Azad Engineering Limited has submitted the Monitoring Agency Report, prepared by CareEdge Ratings Limited, concerning the utilization of proceeds from its Qualified Institutions Placement (QIP). The report covers the quarter ended December 31, 2025. As of this date, ₹493.66 crore of the total ₹700.00 crore raised has been utilized towards the stated objects, primarily capital expenditure.

Submission of QIP Monitoring Report

Azad Engineering Limited has formally submitted its Monitoring Agency Report to the stock exchanges for the third quarter ending December 31, 2025. This report details the utilization of funds raised through the Qualified Institutions Placement (QIP), which aggregated to ₹700.00 crore.
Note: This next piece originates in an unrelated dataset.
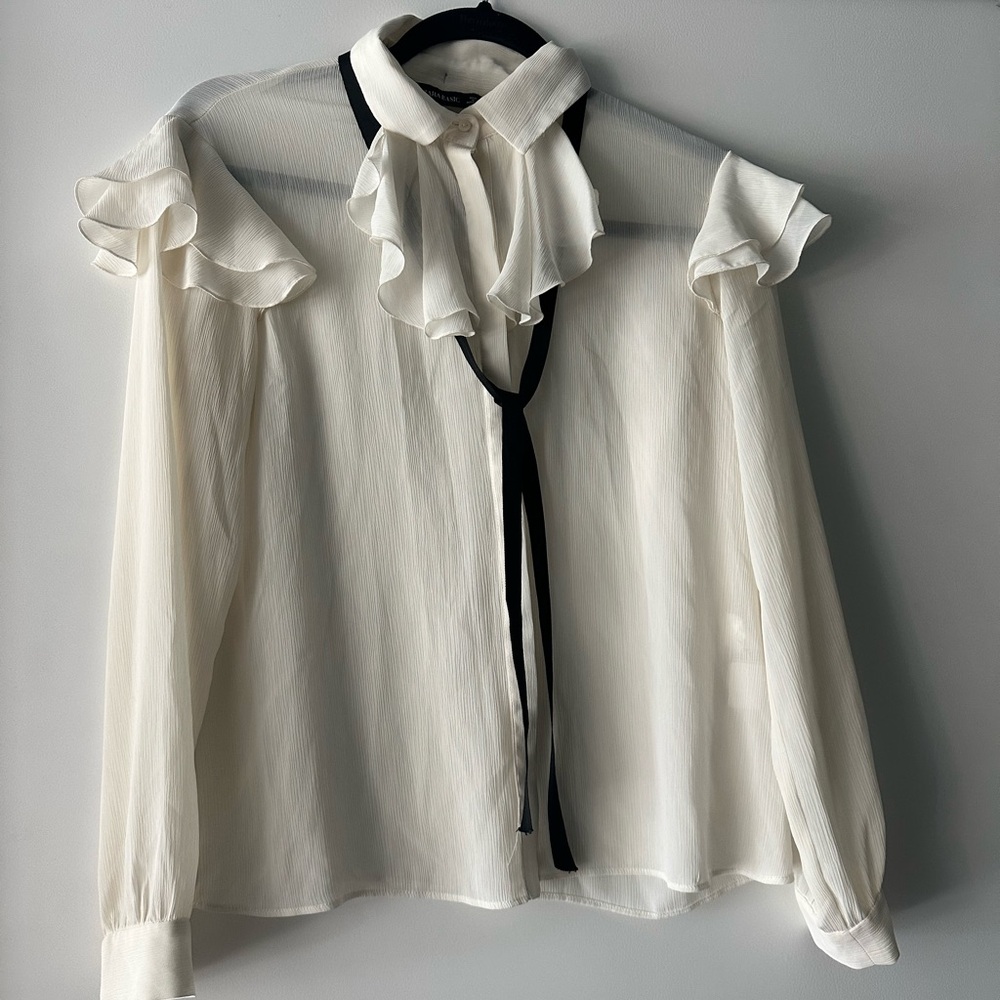 Zara White Ruffle Sleeve Blouse Size S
The Audit Committee and the Board of Directors reviewed and noted this monitoring report during their meeting held on February 13, 2026.

Utilization of Proceeds Overview

The Monitoring Agency confirmed that funds utilized align with the objects disclosed in the Offer Document, with Rs.493.66 crores utilized towards the placement’s objectives. The remaining unutilized balance is maintained in Fixed Deposits and the Monitoring Agency account.

Detailed Utilization by Object (as of December 31, 2025)

The primary focus of utilization during the quarter was Capital Expenditure:

  • Funding and part-funding capital expenditure: ₹109.03 crore was utilized during the quarter, bringing the total utilized amount for this object to ₹322.71 crore against the proposed ₹525.00 crore. The unutilized balance stood at ₹202.29 crore.
  • General Corporate Purposes: No amount was utilized during the quarter, as the allocated ₹156.21 crore was fully utilized in previous periods.
  • Issue Expenses: ₹7.92 crore was utilized during the quarter towards issue expenses, bringing the total utilized amount to ₹14.74 crore against the proposed ₹18.79 crore.

The Total unutilized proceeds amounted to ₹206.34 crore (excluding interest earned of ₹2.50 crore on deployments).

Deployment of Unutilized Proceeds

The unutilized funds totaling ₹206.67 crore were deployed across various fixed deposits with maturity dates, primarily around January 13, 2026, earning returns between 5.50% and 6.30%.

Monitoring Agency Commentary on Delays

The Monitoring Agency noted a potential delay in the implementation timeline for the capital expenditure object. As of December 31, 2025, 61.5% of the amount allocated for the capex object had been spent.

The Board of Directors provided commentary stating that the timing of utilization remains aligned with business requirements. They confirmed that expenditure included procuring plant and machinery with different technological specifications, funded from sources other than QIP proceeds. The Board expressed confidence that the deferment in utilization will not have any adverse impact on operations or growth, and the non-utilization is solely attributable to timing considerations.

General Corporate Purpose (GCP) Utilization

The report confirms that during the quarter, no amount was utilized towards GCP, as the entire proposed amount had already been fully utilized by the end of the previous quarter.